Since Paxos/Raft group effectively means an infallible virtual node, 2PC gets to run on virtual nodes that are always available, and the scenario above is avoided. This does mean that more messages/replication is happening, but since these are in parallel, and since we buy fault-tolerance without hiccups in performance this is a great tradeoff. There are variations optimizations possible on this main idea as shown in Figure 6, but I won't get into them.

U2PC protocol as an alternative

The paper is not very appreciative of the 2PC+Paxos approach. It criticizes that it needs 2f+1 replicas to tolerate f node failures. It says U2PC instead achieves replication of each shard f + 1 times to frugally sustain (up to f ) crashes. That is instead of shards with 3 replicas, U2PC uses shards with only 2 replicas to "tolerate" 1 node failure.

What the paper fails to acknowledge is that the 2f+1 is there to give you quorum, which gives you reduced tail-latency, resistence to stragglers, and faul-tolerance without performance getting effected with a single fault. We will revisit this point later when discussing the pitfall of U2PC.

The above figure showcases the U2PC protocol. Here we replicate each RM to tolerate one failure. So instead of X we have X1 and X2, and instead of Y we have Y1 and Y2. C1 sends the prepare message to each copy and hears back ack from everyone, and rules to commit the transaction. The commit message gets delayed to Y1.

In the meanwhile, C2 sends prepare for another transation. Y2 says ack, since it is unlocked. Y1 is locked so it sends a nack. C2 now has to abort this also at Y2 before it sends abort to the client.

So there are two key ideas. First, we ensure each shard in 2PC is fault-tolerant by replicating it f + 1 times and waiting for *unanimous* LOCK responses from these replicas before committing a transaction. Second, if the LOCK responses are not unanimous, U2PC waits for *unanimous* PRE-ABORT-UNLOCK replies before aborting the transaction.

U2PC's pitfall

U2PC is not exactly fault-tolerant, at least not in the masking sense. In U2PC, when an RM replica crashes, the system must reconfigure to remove and replace that replica before it is able to continue processing transactions. That is, you lose availability after a single node crash until the system is reconfigured. We will cover reconfiguration in the next section.

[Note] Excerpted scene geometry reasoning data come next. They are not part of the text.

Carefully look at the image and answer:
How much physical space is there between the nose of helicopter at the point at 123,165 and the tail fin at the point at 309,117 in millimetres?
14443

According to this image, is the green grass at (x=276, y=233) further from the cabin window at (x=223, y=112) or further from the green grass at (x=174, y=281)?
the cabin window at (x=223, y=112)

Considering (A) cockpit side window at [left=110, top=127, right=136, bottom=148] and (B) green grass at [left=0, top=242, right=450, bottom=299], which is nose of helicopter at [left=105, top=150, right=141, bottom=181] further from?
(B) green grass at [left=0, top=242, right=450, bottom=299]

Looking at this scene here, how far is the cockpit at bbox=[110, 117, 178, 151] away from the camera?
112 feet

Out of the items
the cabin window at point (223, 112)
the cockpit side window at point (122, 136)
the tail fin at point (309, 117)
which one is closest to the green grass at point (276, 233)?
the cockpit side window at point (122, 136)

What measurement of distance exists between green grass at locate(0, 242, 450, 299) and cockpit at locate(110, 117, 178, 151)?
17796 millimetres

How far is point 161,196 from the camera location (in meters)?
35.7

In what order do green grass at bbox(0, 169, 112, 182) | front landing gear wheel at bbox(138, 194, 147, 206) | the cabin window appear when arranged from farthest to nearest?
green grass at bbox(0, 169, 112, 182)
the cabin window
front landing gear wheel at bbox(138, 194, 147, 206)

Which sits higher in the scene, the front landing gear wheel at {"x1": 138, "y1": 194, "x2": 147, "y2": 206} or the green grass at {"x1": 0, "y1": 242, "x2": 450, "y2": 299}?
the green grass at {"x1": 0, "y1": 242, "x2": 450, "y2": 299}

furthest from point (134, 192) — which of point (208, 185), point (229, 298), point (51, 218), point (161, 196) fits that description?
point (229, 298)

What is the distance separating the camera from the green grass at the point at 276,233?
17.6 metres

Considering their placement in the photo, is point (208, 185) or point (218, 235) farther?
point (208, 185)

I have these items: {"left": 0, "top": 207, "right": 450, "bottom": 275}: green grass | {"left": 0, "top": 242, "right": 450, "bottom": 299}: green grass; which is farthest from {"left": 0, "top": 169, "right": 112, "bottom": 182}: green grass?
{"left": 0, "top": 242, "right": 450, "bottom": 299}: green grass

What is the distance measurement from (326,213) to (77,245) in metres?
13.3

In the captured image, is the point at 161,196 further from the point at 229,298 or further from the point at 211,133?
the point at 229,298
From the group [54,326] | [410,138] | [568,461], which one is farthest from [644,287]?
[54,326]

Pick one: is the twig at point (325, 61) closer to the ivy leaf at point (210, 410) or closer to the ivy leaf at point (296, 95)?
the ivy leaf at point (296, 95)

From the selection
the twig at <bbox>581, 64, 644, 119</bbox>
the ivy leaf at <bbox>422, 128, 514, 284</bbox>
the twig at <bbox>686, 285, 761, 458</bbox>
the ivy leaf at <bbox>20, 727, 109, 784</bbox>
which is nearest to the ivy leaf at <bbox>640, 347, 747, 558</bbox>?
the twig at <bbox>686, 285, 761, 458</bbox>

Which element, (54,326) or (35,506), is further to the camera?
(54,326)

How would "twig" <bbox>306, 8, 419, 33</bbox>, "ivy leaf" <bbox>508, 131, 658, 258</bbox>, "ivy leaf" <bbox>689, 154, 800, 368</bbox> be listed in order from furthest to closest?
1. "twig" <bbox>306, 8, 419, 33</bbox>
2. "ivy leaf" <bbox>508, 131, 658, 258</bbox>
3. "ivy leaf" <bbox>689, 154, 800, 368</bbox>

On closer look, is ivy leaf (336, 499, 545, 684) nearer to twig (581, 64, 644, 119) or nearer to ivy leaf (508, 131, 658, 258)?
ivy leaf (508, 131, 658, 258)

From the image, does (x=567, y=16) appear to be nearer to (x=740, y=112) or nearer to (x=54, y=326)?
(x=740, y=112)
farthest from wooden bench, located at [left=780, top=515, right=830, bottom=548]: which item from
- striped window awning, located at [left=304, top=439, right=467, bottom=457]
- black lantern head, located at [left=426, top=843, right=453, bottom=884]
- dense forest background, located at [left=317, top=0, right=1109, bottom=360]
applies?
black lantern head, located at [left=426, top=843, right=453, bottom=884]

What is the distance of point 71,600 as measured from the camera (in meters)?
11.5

This makes U2PC an impractical protocol to deploy in the cloud where node/VM failures do occur and need to be accounted for. Moreover, U2PC is problematic even in the absence of node failures, due to stragglers. The tail latency on the transactions would be unpredictable due to a single straggler node. Finally, cloud deployments also have planned failures for maintenance and software update which would need to be accounted for.

Maybe the soften the blow, the paper says the FaRM protocol also has this problem. Well, then FaRM also has a big problem.

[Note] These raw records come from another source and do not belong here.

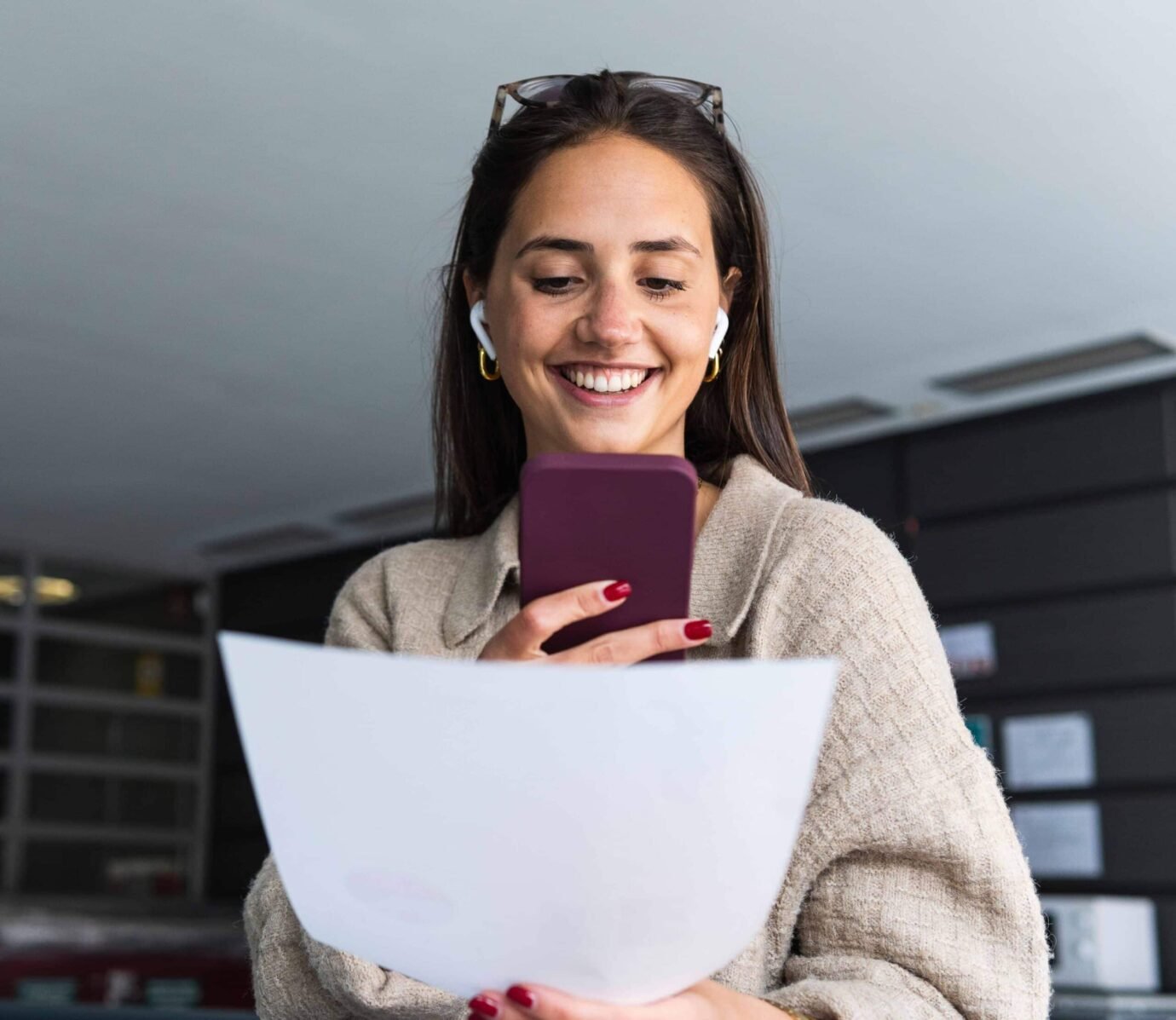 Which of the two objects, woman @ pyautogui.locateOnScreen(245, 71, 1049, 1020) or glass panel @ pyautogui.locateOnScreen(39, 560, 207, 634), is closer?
woman @ pyautogui.locateOnScreen(245, 71, 1049, 1020)

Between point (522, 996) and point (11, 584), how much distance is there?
8603 mm

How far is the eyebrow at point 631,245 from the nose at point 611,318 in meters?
0.03

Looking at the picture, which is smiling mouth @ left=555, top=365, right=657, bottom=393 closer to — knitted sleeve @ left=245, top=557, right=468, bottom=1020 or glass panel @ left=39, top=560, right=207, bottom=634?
knitted sleeve @ left=245, top=557, right=468, bottom=1020

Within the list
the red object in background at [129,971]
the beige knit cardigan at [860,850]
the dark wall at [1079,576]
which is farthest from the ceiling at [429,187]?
the red object in background at [129,971]

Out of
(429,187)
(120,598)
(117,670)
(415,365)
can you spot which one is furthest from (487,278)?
(120,598)

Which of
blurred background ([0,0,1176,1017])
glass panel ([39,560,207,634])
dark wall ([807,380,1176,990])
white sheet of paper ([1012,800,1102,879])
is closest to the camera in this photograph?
blurred background ([0,0,1176,1017])

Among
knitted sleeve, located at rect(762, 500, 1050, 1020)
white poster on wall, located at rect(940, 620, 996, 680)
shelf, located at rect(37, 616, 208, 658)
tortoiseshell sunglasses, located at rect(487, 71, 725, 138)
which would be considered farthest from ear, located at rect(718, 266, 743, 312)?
shelf, located at rect(37, 616, 208, 658)

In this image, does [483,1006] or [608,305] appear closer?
[483,1006]

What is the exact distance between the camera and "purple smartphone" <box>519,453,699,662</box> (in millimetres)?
779

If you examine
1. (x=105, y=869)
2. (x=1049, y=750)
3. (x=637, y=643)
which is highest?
(x=637, y=643)

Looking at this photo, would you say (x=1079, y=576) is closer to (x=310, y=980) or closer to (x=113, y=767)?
(x=310, y=980)

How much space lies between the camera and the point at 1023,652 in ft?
19.8

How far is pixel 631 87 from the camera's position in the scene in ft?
3.73

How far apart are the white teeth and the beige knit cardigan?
11 centimetres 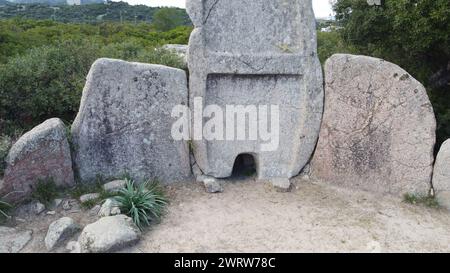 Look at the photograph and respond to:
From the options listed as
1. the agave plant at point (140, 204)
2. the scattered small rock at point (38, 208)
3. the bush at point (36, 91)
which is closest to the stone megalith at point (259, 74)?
the agave plant at point (140, 204)

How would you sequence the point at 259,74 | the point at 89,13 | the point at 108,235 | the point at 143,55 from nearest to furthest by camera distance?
1. the point at 108,235
2. the point at 259,74
3. the point at 143,55
4. the point at 89,13

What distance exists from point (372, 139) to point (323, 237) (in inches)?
74.6

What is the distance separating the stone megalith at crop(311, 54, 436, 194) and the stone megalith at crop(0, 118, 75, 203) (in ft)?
12.4

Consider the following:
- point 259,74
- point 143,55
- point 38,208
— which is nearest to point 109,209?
point 38,208

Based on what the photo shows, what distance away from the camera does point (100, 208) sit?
5246 mm

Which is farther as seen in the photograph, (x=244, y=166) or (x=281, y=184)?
(x=244, y=166)

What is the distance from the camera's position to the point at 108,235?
14.6 feet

Couple days ago Aleksey complained about this same problem. "So this is the (maybe obvious and not novel) lesson I got here. Mencius is an example of a protocol that is fault-tolerant only on paper. I sometimes also call this an “algorithmic” fault-tolerance: it is safe, and it restores liveness after the reconfiguration/election, but in practice, its performance is so degraded that it almost does not matter."

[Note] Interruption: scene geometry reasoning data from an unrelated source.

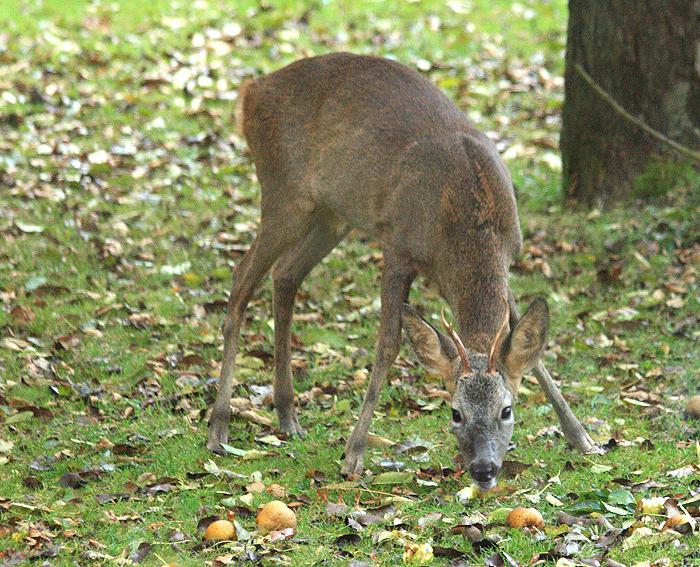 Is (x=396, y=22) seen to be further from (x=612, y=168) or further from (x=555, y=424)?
(x=555, y=424)

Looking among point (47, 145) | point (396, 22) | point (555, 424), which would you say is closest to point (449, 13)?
point (396, 22)

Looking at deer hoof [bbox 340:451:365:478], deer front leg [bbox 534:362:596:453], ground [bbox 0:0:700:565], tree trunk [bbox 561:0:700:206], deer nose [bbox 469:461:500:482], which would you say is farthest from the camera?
tree trunk [bbox 561:0:700:206]

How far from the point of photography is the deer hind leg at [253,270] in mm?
6496

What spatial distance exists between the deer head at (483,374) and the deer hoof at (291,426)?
123cm

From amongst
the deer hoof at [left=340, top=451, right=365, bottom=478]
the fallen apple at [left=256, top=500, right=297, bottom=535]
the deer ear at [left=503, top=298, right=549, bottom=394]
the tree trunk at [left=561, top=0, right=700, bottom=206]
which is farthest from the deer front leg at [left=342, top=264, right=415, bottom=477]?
the tree trunk at [left=561, top=0, right=700, bottom=206]

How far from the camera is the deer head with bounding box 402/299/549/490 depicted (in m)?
5.07

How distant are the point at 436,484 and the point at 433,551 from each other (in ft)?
2.43

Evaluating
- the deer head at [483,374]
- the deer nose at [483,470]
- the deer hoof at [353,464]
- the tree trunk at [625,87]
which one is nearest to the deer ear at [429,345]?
the deer head at [483,374]

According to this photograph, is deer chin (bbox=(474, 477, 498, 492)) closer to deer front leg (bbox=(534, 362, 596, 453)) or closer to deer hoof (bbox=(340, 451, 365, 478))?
deer hoof (bbox=(340, 451, 365, 478))

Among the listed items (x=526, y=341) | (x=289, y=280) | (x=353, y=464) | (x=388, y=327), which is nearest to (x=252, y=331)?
(x=289, y=280)

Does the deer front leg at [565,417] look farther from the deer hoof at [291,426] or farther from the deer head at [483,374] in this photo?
the deer hoof at [291,426]

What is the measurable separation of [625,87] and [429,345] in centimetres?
396

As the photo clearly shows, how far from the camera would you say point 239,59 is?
12.6 m

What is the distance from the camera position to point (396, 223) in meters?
6.05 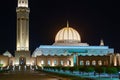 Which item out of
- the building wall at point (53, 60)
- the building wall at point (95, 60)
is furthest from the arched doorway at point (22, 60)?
the building wall at point (95, 60)

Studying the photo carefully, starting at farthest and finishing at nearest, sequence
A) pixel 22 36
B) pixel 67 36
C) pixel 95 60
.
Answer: pixel 67 36 → pixel 95 60 → pixel 22 36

Reconfiguration/Recovery in U2PC

Ok, we said that U2PC needs to reconfigure/recover even after a single node failure. Here is how that reconfiguration protocol works.

The reconfiguration coordinator (CR) gets a lease from the configuration manager (CM) and invalidates old leases. Note that CM is a Paxos backed fault-tolerant entity.
CR stops Config1 by halting at least one replica per shard and reading its log. This recovers any ongoing transactions.
CR loads the recovered state onto Config2.
CR verifies its lease is still valid and tells CM that Config2 is ready.
CR starts Config2.

The leases here just for progress, best-effort-way of ensuring there is one CR active at a given time. Since the CM is Paxos backed safety is guaranteed. How does CR recover in-flight transactions in Config2 then? It is as follows:

Commits transactions that any live replica has APPLY-UNLOCK'd (meaning commit done)
Aborts transactions that any live replica has PRE-ABORT-UNLOCK'd (meaning abort done)
Aborts transactions not locked by all live replicas in all participating shards
Commits transactions locked by all live replicas in all participating shards

The key thing to remember here is that recovery is decidable and deterministic. The above covers all cases. Consider the problematic case for 2PC, the coordinator and one replica of RM dies. Then by just looking at the live replicas (which at least one is guaranteed due to F=1 failure hypothesis), the transaction is recoverable by the above rules.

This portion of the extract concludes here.